For most companies these days, it seems that “mobile strategy” is defined as putting out as many mobile applications as possible. There are apps for customers, apps for employees, and apps for partners and suppliers.

They do everything from enabling purchases made from smart phones to extending back-office processes to remote workers. In many cases, they are filling critical needs.

Sometimes, however, the best mobile strategy is to not crank out apps, no matter how relentlessly you’re being hounded to do so.

That’s precisely the approach Preferred Hotels & Resorts has taken. The Chicago-based company, which acts as a sort of marketing and reservation processing gateway for hundreds of independent boutique hotels, has built only one mobile application to date—and with good reason.

Back in 2012, Preferred saw the rate of access to its Website via mobile devices growing fast enough that it recognized a need to ramp up its focus on mobile. Rather than starting by designing mobile apps, it made a conscious decision to commit to responsive Web design.

Responsive design enables a Website to adapt the user’s experience on the fly, depending on the screen size and format of the device being used. Elements on the page automatically expand and contract, buttons get bigger for easy finger tapping, and menus get condensed into the now ubiquitous hamburger icon, as it’s called. In other words, Preferred effectively uses its Website to double as its core mobile app.
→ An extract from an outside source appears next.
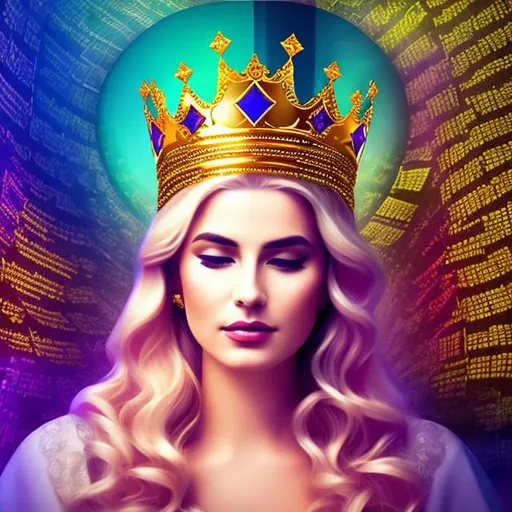 queen of the bible with crown and flowing on artisti...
“If you’re just replicating your Website in an app, you don’t need it,” says Charles Zieres, vice president of IT. “If there’s something you need to do above and beyond the capabilities of the Website, that’s when you need an app.”

Zieres’ thinking is straight-forward: The main functions of Preferred’s site are to expose properties to potential guests and enable those guests to book rooms. If a responsive Website can make that easily doable on any device, why spend the time and money on an app?

What’s more, Preferred’s approach keeps Zieres’ team from having to scramble every time mobile technology evolves. “When new phones or new devices are released, we don’t have to rush to recode everything,” he says.

A Mobile Approach That’s Ahead of the Curve

Ed Simnett, lead analyst at Gigaom Research, says via email that while the hotel industry is a natural fit for mobile applications, Zieres and his team have chosen a path that is ahead of the curve. “Preferred’s view is quite sophisticated,” says Simnett. “There are far too many shelfware apps out there, which is a waste of investment and depressing for the team that worked on it.”

Yet most companies just keep churning out the apps. In fact, in a recent report on mobile predictions for 2016, Forrester Research says that 62 percent of enterprises are increasing their budgets to pay for mobile apps next year.

Despite such numbers, Zieres says he’s “not being swayed by the app boom.” His skepticism comes not only from recognizing Preferred’s value proposition, but also from understanding its limited potential profile in an increasingly crowded mobile universe.

“When you do an app, you’re no longer competing with people in your market; you’re competing with other apps for space on the phone screen,” says Zieres. “As much I think of our company, I don’t think hotels are something people want apps for on their phone.”